L’Augusta très-divine est la sœur de l’aurore.
Elle est fraîche comme elle et comme elle se plaît,
Dès l’heure où l’horizon frissonne et se colore,
À fuir la chambre close où la nuit l’exilait.
Par les couloirs de marbre où filtre un jour bleuâtre.
Par l’escalier béant aux degrés smaragdins,
Par les salles où l’eau pleure aux bassins d’albâtre,
L’Augusta passe et va vers les secrets jardins.
Dans sa jeunesse heureuse et sa liberté brève,
Foulant la poudre d’or qui sable le chemin,
Seule dans la clarté palpitante, elle élève,
Comme un sceptre léger, une fleur dans sa main.
Miroir fragile, où dort l’ombre verte des palmes,
Un lac pur arrondit sa coupe de saphir,
Et des cygnes neigeux cinglent sur les eaux calmes
Tels que de blancs vaisseaux que pousse un frais zéphyr.
L’abeille, qui s’échappe en bruissant des ruches,
Boit les jeunes parfums des calices ouverts ;
Par-dessus les treillis argentés, des autruches
Dressent leur tête chauve et mordent les fruits verts.
Au bord des piédestaux tendant leurs gorges bleues,
Des paons font brusquement s’élargir au soleil
Et vibrer tout le ciel étoile de leurs queues ;
L’ibis lisse sa plume en un frisson vermeil.
Tout s’éveille, rayonne, aime, fleurit, embaume :
Le cœur de l’Augusta s’enivre du matin ;
La rose livre au vent son plus subtil arôme :
Le cœur de l’Augusta vole au pays lointain.
Au pays fabuleux dont la beauté l’invite,
Son rêve, avec les nefs, fuit sur la golfe amer ;
Et joyeuse, accoudée aux balustres d’ophite,
L’Augusta voit le ciel descendre dans la mer.

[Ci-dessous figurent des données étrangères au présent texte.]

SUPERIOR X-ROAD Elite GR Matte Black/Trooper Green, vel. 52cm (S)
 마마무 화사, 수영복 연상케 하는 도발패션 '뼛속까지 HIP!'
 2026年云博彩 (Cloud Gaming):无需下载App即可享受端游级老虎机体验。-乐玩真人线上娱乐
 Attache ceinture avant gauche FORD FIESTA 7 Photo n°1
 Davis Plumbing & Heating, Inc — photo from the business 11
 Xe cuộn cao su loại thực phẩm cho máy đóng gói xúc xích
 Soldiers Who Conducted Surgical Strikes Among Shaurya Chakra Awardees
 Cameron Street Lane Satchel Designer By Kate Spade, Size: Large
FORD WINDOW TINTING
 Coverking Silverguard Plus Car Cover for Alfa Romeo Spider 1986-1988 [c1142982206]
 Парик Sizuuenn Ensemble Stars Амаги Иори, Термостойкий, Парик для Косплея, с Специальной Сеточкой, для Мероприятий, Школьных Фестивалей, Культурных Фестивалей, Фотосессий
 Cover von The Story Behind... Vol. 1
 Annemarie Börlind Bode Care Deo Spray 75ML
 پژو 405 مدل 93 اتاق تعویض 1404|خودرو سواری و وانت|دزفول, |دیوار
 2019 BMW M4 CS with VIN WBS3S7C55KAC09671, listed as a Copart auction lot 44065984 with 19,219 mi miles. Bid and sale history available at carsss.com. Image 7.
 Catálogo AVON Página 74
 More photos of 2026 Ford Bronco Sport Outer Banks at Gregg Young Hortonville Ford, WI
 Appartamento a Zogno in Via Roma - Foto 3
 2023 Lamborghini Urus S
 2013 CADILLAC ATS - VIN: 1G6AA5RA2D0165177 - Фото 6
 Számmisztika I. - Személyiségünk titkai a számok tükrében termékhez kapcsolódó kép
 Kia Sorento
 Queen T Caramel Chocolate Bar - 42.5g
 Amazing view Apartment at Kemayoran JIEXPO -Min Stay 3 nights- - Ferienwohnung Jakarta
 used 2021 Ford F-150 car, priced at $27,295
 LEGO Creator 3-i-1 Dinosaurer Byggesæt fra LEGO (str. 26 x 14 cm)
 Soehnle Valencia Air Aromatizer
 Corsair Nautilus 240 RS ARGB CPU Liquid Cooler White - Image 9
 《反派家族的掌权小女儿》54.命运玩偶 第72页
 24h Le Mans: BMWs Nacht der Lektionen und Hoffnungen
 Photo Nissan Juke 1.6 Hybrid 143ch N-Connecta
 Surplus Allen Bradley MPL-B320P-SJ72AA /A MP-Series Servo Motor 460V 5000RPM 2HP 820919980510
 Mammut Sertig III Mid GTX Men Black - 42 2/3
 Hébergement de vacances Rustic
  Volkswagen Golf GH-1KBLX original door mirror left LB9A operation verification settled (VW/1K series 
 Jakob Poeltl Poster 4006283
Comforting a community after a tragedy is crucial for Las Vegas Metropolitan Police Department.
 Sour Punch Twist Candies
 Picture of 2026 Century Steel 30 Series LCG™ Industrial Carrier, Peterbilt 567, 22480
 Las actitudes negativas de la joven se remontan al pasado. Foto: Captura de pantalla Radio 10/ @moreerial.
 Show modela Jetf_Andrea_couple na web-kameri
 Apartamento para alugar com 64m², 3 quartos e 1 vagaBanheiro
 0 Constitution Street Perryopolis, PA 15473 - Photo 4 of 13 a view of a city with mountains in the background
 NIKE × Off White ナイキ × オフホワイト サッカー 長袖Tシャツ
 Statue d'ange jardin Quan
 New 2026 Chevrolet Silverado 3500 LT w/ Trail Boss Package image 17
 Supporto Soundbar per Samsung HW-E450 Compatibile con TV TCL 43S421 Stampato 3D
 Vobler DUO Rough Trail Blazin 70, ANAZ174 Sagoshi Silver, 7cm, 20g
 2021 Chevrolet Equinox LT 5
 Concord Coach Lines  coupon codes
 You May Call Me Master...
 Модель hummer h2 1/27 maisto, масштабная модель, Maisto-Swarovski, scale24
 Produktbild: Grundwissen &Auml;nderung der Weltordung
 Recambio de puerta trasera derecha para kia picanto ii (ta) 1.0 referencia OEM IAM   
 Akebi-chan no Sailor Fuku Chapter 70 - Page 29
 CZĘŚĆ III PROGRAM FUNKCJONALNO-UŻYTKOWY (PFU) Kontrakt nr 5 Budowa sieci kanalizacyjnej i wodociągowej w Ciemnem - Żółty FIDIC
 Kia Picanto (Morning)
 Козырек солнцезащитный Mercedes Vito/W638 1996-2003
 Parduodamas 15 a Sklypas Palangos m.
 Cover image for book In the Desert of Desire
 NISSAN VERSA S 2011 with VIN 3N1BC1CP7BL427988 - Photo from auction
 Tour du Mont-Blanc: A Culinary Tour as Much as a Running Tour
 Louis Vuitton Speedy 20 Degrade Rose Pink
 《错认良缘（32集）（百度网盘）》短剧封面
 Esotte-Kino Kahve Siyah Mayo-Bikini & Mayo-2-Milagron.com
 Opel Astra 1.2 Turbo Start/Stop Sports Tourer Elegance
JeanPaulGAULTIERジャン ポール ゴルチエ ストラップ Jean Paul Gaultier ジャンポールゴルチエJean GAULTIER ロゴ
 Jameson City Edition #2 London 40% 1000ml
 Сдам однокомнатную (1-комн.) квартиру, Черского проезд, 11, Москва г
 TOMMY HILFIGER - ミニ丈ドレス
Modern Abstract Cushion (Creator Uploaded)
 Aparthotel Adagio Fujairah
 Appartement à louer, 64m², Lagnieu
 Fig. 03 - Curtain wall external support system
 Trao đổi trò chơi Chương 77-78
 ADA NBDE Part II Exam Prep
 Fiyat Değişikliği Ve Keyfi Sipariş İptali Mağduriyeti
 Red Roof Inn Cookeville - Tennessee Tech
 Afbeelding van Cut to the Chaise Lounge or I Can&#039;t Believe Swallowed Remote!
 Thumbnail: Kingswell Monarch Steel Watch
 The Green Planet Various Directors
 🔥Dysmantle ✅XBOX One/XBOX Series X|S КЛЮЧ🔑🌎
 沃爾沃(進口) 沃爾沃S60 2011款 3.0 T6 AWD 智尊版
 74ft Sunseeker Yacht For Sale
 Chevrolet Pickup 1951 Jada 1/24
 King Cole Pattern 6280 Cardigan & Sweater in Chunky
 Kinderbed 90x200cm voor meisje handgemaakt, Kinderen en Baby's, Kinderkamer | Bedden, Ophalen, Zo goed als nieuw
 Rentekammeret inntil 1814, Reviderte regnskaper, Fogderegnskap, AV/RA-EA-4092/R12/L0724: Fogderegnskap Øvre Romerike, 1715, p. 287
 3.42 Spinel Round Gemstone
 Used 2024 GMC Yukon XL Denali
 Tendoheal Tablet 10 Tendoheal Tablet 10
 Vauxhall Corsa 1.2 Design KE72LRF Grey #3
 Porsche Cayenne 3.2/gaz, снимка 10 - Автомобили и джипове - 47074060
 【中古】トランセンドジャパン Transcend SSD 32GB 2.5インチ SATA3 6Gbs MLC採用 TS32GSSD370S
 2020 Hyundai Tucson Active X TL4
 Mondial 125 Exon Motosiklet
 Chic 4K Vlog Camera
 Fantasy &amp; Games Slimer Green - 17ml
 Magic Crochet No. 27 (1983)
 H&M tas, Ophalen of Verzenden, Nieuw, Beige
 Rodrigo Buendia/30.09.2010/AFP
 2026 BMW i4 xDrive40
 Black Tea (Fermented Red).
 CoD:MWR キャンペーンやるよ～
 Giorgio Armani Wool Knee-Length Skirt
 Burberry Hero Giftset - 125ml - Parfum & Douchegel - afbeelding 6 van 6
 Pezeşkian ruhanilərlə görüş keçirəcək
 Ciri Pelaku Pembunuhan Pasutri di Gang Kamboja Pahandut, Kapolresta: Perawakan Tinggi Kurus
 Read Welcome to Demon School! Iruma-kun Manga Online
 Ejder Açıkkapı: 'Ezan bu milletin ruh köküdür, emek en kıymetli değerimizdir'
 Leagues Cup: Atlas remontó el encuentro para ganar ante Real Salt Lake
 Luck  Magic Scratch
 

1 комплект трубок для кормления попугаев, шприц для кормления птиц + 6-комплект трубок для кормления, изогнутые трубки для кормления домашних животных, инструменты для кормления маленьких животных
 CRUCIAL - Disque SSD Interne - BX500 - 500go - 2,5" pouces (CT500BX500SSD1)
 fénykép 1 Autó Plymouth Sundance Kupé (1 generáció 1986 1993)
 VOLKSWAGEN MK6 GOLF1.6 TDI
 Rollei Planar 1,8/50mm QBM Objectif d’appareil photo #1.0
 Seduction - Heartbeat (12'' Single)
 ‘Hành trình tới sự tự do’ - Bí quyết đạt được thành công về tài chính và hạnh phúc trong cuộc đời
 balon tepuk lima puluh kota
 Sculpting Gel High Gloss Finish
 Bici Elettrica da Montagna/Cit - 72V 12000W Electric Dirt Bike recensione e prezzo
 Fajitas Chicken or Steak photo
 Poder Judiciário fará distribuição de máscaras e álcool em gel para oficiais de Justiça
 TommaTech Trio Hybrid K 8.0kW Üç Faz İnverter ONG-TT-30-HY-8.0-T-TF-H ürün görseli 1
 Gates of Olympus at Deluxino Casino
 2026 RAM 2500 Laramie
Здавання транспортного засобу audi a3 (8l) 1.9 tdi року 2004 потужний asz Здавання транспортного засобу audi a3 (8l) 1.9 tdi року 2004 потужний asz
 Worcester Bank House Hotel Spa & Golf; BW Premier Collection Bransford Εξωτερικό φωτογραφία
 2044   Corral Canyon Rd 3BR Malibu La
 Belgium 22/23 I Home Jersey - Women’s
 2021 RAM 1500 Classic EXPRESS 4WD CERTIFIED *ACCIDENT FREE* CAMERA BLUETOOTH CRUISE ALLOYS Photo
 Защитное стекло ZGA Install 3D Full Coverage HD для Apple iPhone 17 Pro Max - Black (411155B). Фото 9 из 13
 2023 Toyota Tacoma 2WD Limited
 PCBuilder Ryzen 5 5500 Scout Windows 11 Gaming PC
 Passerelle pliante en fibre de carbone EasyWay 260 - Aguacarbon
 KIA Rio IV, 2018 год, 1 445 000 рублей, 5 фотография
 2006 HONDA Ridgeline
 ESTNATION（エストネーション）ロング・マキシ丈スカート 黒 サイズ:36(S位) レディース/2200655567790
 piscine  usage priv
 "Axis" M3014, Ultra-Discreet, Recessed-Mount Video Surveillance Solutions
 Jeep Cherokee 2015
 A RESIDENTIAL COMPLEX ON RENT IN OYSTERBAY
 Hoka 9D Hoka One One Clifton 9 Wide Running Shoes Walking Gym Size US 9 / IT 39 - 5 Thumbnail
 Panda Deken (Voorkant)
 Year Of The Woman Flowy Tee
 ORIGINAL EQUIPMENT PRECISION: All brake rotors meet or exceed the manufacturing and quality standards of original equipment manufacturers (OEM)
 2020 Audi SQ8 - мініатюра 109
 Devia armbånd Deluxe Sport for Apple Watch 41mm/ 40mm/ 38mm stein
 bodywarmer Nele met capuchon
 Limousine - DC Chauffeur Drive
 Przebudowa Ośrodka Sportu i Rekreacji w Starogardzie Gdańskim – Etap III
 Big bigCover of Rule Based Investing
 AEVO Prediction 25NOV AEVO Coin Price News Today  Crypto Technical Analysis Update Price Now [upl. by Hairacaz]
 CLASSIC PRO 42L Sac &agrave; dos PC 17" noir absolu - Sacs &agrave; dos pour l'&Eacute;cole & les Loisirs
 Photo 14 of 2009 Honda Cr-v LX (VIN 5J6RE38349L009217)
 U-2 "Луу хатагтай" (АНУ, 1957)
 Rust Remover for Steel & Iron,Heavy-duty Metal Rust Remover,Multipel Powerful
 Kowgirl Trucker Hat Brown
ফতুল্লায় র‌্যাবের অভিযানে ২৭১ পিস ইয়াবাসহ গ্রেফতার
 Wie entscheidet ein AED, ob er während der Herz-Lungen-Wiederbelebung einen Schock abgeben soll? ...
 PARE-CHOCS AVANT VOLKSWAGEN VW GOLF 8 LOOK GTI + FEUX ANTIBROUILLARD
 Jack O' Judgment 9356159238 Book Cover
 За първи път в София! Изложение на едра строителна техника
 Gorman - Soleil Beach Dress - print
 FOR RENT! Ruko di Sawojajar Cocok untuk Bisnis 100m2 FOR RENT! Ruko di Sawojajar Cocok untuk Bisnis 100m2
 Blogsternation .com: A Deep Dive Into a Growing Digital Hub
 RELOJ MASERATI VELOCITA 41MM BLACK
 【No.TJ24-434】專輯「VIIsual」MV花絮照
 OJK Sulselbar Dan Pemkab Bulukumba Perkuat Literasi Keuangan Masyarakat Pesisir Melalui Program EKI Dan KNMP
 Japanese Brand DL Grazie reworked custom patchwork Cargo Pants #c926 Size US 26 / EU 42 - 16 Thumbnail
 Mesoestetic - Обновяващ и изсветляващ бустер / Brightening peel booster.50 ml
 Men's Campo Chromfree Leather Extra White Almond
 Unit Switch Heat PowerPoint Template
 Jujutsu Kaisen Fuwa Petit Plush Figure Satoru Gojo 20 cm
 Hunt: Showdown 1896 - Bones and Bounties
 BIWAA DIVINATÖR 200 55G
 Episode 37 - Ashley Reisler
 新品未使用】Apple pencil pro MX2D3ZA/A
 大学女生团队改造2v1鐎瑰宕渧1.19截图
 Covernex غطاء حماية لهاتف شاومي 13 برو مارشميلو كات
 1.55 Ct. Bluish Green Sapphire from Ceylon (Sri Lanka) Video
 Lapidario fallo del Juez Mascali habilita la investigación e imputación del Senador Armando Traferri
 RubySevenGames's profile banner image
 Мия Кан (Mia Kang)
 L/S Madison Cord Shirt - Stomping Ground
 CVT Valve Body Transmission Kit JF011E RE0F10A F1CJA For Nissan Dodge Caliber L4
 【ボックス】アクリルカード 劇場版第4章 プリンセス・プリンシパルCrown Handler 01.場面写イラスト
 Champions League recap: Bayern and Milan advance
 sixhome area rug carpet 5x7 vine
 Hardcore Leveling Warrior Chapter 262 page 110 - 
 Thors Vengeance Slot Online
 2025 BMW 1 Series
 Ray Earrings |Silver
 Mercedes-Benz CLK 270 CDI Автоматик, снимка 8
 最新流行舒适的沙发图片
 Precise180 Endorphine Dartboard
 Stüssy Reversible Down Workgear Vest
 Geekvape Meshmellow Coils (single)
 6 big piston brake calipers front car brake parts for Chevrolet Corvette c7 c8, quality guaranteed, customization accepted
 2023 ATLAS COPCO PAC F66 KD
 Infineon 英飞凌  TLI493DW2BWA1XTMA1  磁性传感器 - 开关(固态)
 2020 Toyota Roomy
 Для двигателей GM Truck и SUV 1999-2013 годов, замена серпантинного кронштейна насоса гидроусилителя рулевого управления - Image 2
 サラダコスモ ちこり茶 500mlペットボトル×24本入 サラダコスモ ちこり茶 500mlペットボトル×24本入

Elle contemple au loin Byzance et ses collines.
Les églises en croix et les dômes cuivrés
Et, s’étageant là-bas, du côté des salines,
Les cirques lumineux et les remparts dorés.
Tout, la nature en fête et la Ville et l’Empire,
Trésors que l’œil pensif se lasse à dénombrer,
Tout ce qui charme, luit, s’épanouit, respire,
Naît pour vêtir sa gloire et vit pour l’adorer.
Mais voici qu’au doux bruit des ailes et des ondes,
Aux chants de l’aube éclos parmi la frondaison,
Le sourd frémissement des foules vagabondes
Se mêle dans l’aurore et monte à l’horizon.
Et soudain l’Augusta songe qu’il est des hommes
Dont le commun destin souffle les vains flambeaux,
Et que les murs vantés des Milans et des Romes
Sont des abris d’un jour bâtis sur des tombeaux.
Adieu, clarté naissante, allégresse première,
Limpides voluptés, formes, parfums, couleurs.
Adieu ! L’ombre future obscurcit la lumière ;
La mort, comme un aspic, a jailli dans les fleurs.
L’Augusta dans la nuit qui flotte en sa prunelle
Suit la fuite de l’heure et des sorts inconstants ;
Car vers l’instant fatal la clepsydre éternelle,
Sûre, lente, sans fin, pleure les pleurs du Temps.
En un pompeux cortège, aux murmures funèbres
Des moines de l’Euxin, son cadavre embaumé,
Couché sur la litière, ira vers les ténèbres,
Dans sa robe suprême à jamais enfermé.
Et la crypte de jaspe engloutissant sa proie,
Au centre du caveau dont le mur flamboiera,
Elle-même, en un flot de velours et de soie,
Blême, les yeux ouverts, sinistre, apparaîtra.
Droite, dans la splendide horreur des pourpres roides,
Le diadème au front, le cercle d’or aux reins,
Elle éternisera sur ses épaules froides
L’écroulement figé des joyaux souverains,
Et, parmi les émaux et les fleurs lapidaires,
Dans l’immobile orgueil du tragique décor,
Siégera, somptueuse, entre deux lampadaires,
Squelette impérial, sur un haut trône d’or.